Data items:

"""

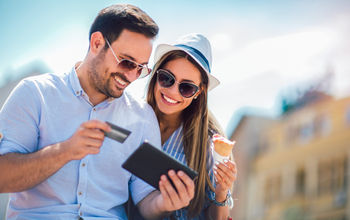 A couple booking travel with a credit card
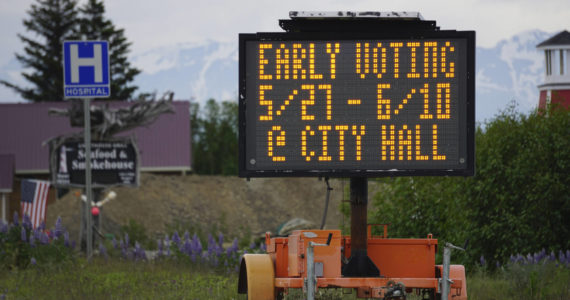 A portable sign on the Sterling Highway on Tuesday, June 7, 2022, reminds voters they can vote or turn in their special-election mail-in ballots at Homer City Hall through Friday, June 10, 2022. (Photo by Michael Armstrong/Homer News)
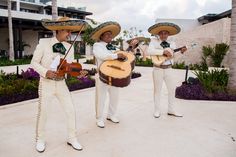 three men wearing sombreros and holding guitars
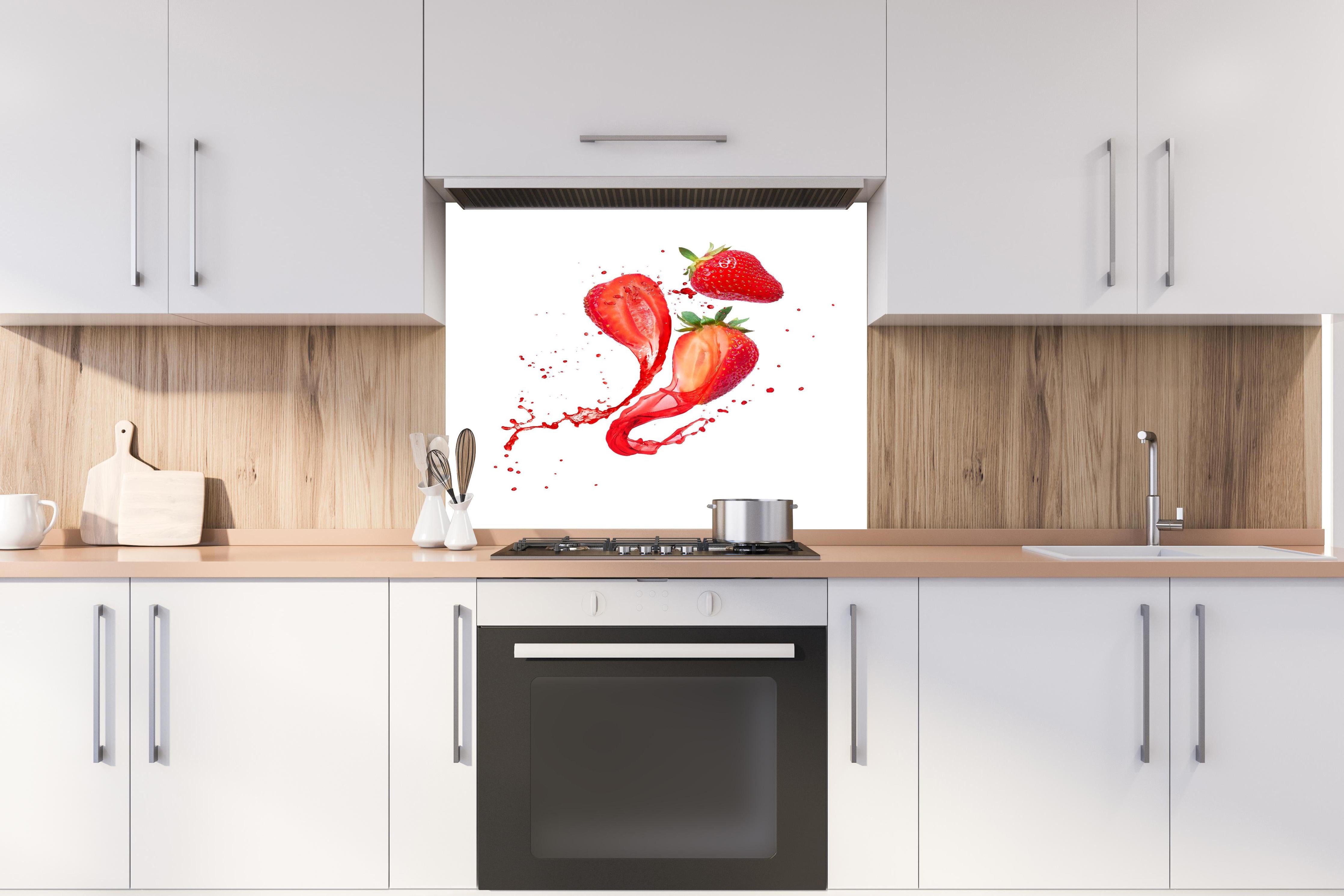 Spritzschutz - Aufgeschnittene Erdbeeren auf weißem Hintergrund hinter einem Cerankochfeld zwischen Holz-Kochutensilien
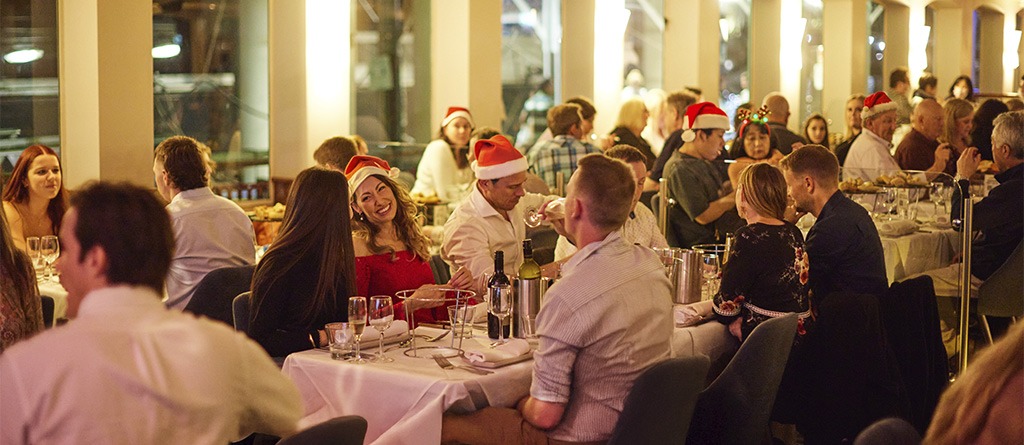 Guests dining and celebrating in Santa hats aboard the Showboat Christmas party dinner cruise in Sydney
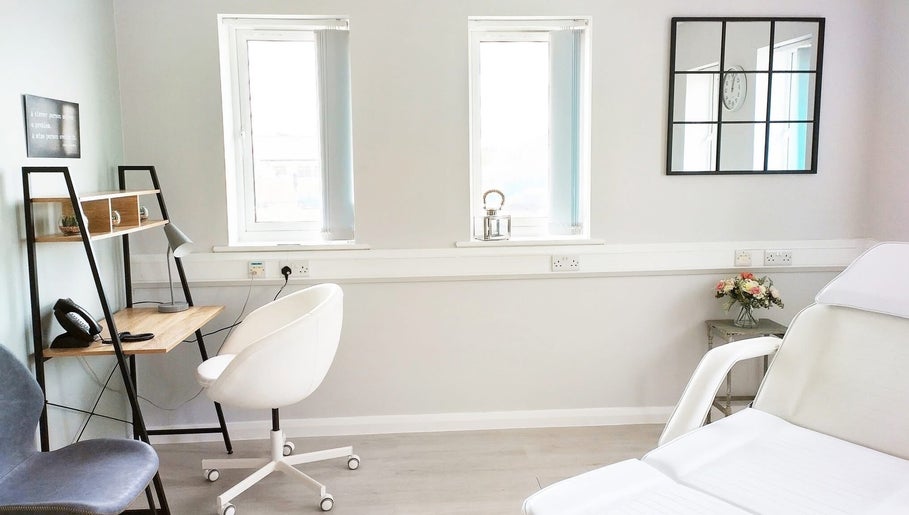 Modern treatment room at Weymouth Aesthetics Clinic, Weymouth, England, GB with sleek design and cozy ambiance.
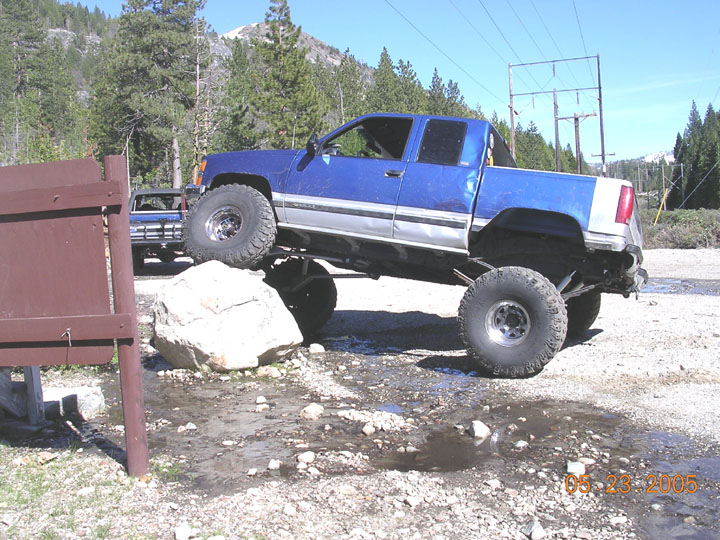 Lifted blue and silver extended-cab pickup flexed over a boulder on a mountain trail
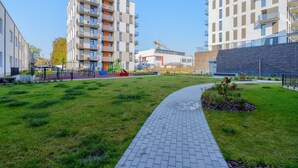 A modern urban residential area with a paved pathway, green spaces, and multi-story apartment buildings. - Cozy two room apartment near city center (Vilnius)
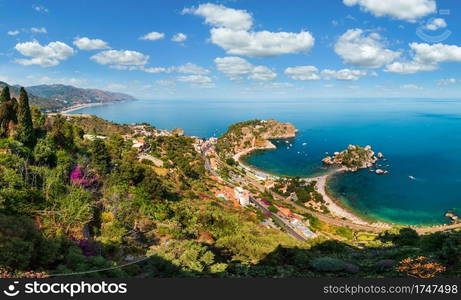 Beautiful Taormina panoramic view from up  Stairs to Taormina , Sicily, Italy. Sicilian seascape with coast, beaches and island Isola Bella. People unrecognizable.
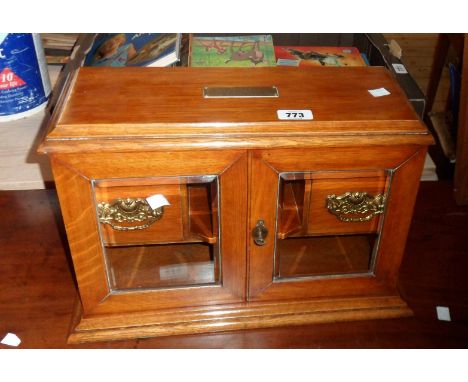 An early 20th Century oak smoker's companion of lift-top form with double front opening door enclosing two drawers, pipe rack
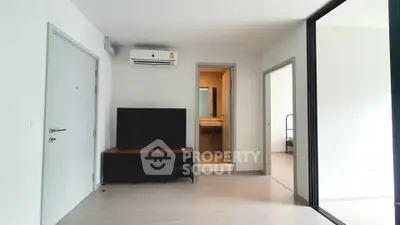 Modern apartment interior with TV, air conditioning, and open doorway to bedroom and bathroom.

"""

### [WHAT TO DO]
Set down only the lines from the one with "A modern urban" through the end of the entries, exactly as they appear, leaving out each picture.

### [ANSWER BOX]
 A modern urban residential area with a paved pathway, green spaces, and multi-story apartment buildings. - Cozy two room apartment near city center (Vilnius)
 Beautiful Taormina panoramic view from up  Stairs to Taormina , Sicily, Italy. Sicilian seascape with coast, beaches and island Isola Bella. People unrecognizable.
 An early 20th Century oak smoker's companion of lift-top form with double front opening door enclosing two drawers, pipe rack
 Modern apartment interior with TV, air conditioning, and open doorway to bedroom and bathroom.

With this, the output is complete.